**Work item:**
Span requested from the data below: the line with "Image of JODSONE" through the line with "Pregnancy Pillow, Full", both included. Give only these lines again, exactly, and leave every picture out.

**Dataset excerpts:**
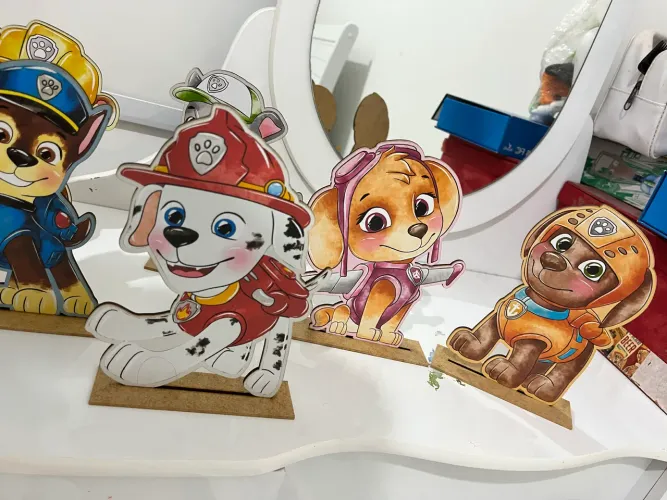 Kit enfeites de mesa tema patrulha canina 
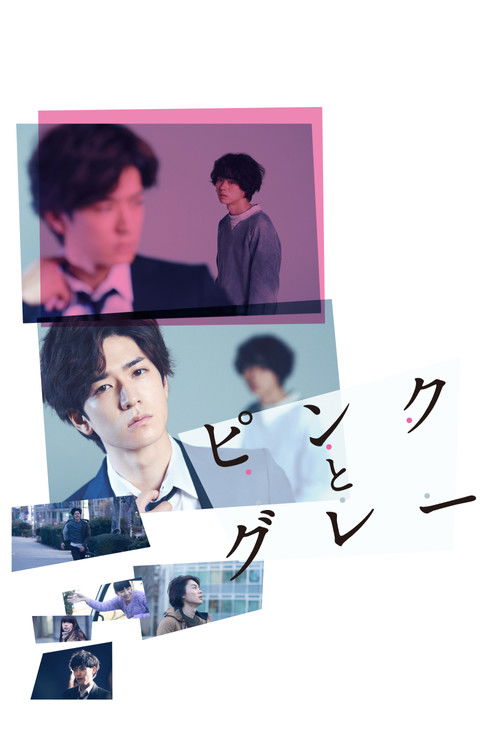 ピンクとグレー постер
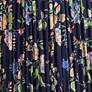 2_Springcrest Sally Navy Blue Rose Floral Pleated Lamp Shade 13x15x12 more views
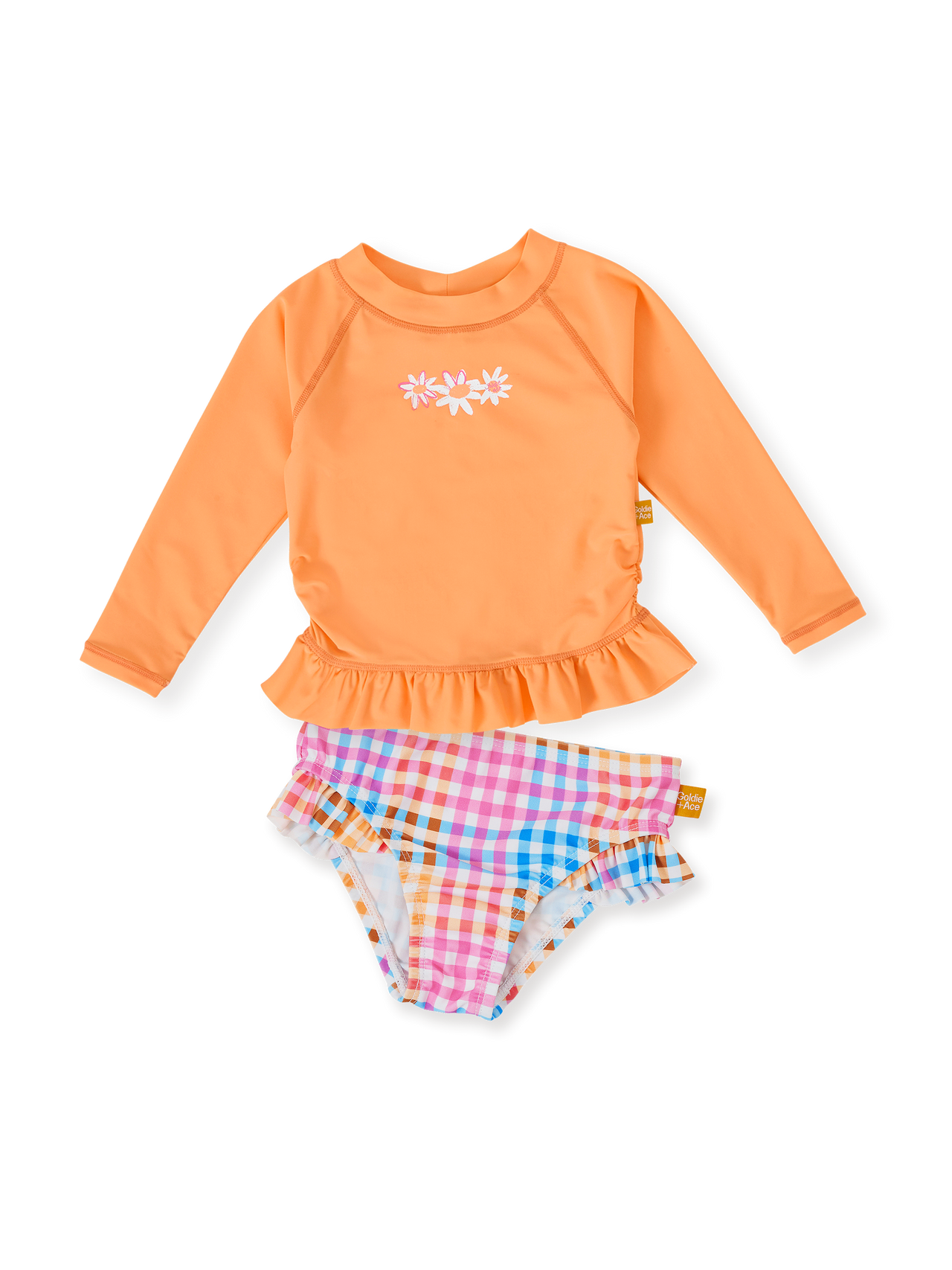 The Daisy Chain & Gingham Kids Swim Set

* * *

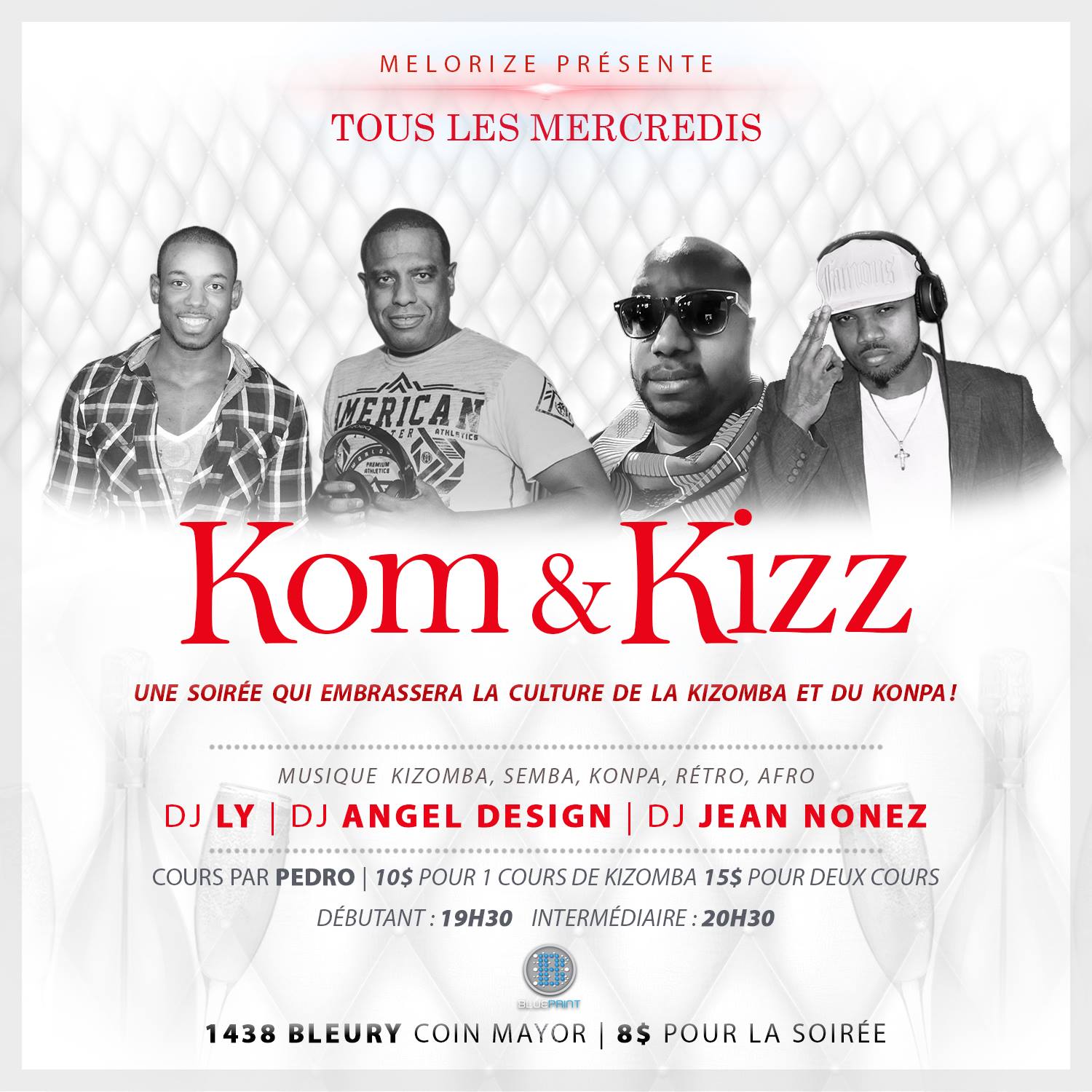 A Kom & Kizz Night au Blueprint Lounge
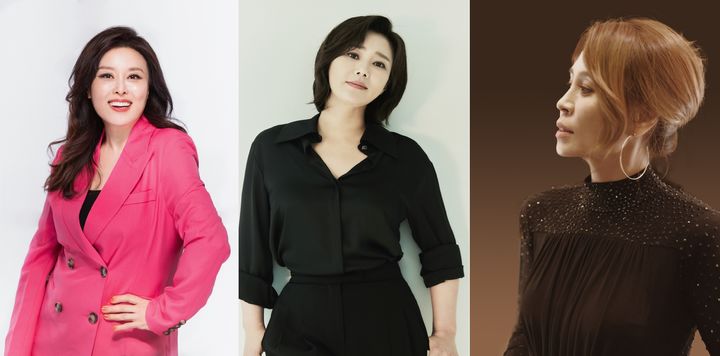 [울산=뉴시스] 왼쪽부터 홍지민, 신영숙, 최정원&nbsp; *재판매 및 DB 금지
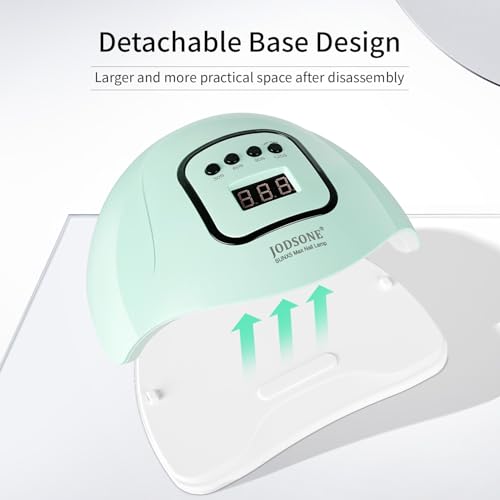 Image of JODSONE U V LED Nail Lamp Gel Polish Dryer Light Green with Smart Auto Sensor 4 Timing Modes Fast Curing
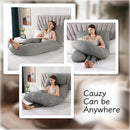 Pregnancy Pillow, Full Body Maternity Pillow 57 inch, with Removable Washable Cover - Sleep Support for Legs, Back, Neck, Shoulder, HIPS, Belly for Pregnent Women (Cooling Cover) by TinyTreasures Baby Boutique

**Your response:**
 Image of JODSONE U V LED Nail Lamp Gel Polish Dryer Light Green with Smart Auto Sensor 4 Timing Modes Fast Curing
 Pregnancy Pillow, Full Body Maternity Pillow 57 inch, with Removable Washable Cover - Sleep Support for Legs, Back, Neck, Shoulder, HIPS, Belly for Pregnent Women (Cooling Cover) by TinyTreasures Baby Boutique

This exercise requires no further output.